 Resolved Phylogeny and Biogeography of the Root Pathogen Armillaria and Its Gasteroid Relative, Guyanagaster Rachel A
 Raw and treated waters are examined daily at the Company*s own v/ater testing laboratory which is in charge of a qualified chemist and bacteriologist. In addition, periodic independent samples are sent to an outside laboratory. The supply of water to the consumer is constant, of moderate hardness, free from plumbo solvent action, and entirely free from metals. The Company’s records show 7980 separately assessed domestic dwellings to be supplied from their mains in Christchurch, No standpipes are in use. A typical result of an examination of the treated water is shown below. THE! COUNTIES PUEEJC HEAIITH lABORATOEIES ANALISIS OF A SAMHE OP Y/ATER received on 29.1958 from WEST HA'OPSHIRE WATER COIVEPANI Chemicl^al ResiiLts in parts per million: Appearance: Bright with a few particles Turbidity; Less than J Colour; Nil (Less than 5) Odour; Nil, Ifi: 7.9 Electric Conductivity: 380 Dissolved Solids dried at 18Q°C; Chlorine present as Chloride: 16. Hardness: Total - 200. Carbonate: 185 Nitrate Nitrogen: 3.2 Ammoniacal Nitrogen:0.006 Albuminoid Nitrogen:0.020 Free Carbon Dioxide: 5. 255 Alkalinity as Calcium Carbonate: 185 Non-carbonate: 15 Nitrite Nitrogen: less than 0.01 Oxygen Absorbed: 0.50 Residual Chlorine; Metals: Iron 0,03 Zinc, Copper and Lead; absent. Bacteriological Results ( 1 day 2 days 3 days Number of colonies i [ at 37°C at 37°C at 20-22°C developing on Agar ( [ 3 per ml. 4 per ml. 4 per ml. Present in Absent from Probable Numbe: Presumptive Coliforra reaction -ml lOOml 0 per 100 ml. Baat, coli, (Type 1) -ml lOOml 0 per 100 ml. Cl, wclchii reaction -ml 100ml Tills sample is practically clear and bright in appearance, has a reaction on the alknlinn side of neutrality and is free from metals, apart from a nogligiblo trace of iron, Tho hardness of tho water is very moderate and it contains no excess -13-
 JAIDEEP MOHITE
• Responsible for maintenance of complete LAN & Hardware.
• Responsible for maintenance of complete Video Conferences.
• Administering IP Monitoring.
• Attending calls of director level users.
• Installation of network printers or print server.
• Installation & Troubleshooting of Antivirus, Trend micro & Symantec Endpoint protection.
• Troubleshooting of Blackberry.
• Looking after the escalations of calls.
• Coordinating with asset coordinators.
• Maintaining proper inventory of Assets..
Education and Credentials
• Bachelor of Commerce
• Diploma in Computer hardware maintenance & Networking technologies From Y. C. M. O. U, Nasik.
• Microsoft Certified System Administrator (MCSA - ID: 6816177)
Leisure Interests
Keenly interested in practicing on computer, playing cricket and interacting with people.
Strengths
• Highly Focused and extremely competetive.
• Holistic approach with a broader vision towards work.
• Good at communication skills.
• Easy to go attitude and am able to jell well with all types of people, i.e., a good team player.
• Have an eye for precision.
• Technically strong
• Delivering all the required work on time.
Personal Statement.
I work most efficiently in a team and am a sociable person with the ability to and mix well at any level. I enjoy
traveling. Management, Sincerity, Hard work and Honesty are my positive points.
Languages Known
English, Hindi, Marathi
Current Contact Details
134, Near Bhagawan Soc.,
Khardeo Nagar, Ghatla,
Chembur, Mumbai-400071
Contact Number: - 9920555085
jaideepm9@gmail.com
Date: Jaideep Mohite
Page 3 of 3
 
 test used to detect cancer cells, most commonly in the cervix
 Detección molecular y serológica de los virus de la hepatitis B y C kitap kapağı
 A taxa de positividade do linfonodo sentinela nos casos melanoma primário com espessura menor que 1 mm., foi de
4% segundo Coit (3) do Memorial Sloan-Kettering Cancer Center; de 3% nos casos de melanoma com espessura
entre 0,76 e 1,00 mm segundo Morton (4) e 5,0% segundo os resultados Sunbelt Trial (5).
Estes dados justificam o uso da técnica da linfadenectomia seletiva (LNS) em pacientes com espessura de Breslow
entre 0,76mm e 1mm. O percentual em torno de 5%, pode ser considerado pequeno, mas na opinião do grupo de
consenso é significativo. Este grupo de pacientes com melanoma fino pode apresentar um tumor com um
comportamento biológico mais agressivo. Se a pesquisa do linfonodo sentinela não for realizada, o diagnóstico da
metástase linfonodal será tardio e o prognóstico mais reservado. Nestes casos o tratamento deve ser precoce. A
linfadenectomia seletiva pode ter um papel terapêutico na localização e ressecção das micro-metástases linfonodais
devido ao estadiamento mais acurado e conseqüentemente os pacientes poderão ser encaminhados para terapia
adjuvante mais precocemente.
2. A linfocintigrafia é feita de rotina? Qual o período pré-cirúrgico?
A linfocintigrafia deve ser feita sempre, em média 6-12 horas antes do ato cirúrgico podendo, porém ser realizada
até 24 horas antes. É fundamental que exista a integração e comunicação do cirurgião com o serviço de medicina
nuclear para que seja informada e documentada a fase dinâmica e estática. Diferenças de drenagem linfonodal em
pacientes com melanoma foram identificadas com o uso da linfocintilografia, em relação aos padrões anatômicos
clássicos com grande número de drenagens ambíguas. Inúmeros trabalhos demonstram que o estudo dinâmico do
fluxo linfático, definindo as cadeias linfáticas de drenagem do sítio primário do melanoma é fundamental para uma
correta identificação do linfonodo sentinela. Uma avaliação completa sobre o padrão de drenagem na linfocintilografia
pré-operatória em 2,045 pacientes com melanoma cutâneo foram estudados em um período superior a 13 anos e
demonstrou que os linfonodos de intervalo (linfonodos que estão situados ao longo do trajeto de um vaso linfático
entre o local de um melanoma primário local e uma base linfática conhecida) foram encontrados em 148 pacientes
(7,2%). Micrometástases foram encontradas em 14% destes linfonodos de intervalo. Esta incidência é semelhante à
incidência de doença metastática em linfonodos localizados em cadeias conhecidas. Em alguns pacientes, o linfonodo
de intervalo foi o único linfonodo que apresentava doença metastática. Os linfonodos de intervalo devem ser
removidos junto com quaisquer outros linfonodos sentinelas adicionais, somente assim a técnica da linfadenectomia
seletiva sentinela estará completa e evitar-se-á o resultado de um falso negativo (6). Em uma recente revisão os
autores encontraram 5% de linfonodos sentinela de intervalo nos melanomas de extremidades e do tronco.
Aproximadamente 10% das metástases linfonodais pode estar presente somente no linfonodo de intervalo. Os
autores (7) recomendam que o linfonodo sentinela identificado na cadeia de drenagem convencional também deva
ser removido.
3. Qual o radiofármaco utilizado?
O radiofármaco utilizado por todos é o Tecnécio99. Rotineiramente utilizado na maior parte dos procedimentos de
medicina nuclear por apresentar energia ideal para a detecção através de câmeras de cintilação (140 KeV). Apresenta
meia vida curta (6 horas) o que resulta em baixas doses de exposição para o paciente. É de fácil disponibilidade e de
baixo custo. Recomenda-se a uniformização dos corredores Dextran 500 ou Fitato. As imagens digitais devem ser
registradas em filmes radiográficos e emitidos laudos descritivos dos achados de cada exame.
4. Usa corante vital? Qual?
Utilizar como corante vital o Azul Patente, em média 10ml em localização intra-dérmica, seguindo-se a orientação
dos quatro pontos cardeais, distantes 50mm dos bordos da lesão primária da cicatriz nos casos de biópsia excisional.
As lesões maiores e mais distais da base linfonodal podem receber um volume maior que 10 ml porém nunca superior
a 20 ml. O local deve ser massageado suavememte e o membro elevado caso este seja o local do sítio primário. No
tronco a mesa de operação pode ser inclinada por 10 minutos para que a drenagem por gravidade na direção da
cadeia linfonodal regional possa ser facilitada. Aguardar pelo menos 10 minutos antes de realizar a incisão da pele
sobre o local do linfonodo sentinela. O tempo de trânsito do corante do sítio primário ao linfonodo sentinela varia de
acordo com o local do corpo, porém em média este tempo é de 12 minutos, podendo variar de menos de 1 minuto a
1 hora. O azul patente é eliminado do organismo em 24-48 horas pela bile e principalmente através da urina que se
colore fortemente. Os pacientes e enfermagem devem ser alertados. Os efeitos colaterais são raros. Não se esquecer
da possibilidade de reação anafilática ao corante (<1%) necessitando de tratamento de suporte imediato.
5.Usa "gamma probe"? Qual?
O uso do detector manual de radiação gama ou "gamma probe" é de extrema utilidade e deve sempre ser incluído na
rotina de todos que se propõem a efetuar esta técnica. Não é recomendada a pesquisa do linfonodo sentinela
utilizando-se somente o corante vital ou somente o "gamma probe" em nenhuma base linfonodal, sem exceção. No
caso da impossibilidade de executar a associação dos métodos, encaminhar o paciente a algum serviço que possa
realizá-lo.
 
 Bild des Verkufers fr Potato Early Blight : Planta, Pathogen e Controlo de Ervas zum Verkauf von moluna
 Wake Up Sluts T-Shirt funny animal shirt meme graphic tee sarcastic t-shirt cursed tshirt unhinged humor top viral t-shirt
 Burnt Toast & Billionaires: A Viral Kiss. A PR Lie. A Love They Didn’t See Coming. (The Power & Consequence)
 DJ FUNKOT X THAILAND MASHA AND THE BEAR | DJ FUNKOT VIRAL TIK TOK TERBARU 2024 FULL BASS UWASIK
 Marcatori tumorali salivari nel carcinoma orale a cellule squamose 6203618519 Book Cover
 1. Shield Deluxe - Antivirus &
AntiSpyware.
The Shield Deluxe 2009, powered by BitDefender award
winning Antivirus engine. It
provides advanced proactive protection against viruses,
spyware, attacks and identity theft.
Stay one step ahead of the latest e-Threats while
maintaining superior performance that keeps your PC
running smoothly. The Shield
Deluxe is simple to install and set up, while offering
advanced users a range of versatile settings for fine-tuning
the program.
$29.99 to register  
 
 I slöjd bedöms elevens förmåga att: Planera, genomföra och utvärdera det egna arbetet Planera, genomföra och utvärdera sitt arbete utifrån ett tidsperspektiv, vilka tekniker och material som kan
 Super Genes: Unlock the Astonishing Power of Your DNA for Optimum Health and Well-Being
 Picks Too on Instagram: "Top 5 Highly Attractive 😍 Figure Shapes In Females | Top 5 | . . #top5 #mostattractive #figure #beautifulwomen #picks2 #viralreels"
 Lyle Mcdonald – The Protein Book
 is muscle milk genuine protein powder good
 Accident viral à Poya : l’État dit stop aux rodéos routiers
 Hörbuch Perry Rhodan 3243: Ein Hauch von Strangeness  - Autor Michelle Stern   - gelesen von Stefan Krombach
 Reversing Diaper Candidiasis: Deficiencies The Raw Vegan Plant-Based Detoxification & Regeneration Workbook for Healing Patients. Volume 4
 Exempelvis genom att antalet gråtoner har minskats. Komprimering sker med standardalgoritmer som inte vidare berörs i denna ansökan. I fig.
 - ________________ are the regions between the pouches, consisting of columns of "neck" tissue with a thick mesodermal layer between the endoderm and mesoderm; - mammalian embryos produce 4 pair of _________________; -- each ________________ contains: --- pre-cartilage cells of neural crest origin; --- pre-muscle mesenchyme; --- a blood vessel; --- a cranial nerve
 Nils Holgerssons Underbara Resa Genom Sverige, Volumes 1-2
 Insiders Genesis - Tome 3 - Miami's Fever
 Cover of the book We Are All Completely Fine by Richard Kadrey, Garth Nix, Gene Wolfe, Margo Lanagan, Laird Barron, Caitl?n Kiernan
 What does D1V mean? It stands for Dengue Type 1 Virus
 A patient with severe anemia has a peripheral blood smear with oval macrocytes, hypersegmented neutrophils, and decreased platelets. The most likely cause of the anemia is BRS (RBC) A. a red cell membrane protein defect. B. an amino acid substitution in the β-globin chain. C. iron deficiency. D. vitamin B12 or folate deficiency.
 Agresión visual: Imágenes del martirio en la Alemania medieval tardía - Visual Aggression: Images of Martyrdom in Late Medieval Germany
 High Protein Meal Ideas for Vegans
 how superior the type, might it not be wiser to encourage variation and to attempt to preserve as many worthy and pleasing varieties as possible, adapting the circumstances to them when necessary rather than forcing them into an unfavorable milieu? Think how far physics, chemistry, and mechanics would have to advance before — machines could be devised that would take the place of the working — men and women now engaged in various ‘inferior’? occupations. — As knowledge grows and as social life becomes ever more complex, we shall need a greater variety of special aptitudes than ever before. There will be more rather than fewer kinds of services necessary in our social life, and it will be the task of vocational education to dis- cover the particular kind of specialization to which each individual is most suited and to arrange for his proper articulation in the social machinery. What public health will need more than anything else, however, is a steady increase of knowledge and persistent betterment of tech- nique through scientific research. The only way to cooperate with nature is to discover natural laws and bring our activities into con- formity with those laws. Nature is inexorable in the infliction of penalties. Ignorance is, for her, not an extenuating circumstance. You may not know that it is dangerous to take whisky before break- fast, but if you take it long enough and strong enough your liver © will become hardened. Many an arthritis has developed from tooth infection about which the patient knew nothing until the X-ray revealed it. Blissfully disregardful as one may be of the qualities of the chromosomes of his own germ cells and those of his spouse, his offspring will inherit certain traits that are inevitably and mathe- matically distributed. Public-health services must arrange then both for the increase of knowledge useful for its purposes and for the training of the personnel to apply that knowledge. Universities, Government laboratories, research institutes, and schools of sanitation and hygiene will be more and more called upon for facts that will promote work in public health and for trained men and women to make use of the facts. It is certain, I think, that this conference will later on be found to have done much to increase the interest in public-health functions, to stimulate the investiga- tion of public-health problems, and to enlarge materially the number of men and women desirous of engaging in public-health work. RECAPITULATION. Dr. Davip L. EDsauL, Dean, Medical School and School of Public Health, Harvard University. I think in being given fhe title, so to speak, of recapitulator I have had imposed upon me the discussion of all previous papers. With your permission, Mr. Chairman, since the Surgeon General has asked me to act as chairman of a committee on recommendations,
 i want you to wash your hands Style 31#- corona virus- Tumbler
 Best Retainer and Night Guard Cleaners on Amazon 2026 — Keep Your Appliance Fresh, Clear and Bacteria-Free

● **TASK REQUIREMENTS**: Reproduce each line from the records that contains the word "calls".

● **YOUR RESPONSE**:
• Attending calls of director level users.
• Looking after the escalations of calls.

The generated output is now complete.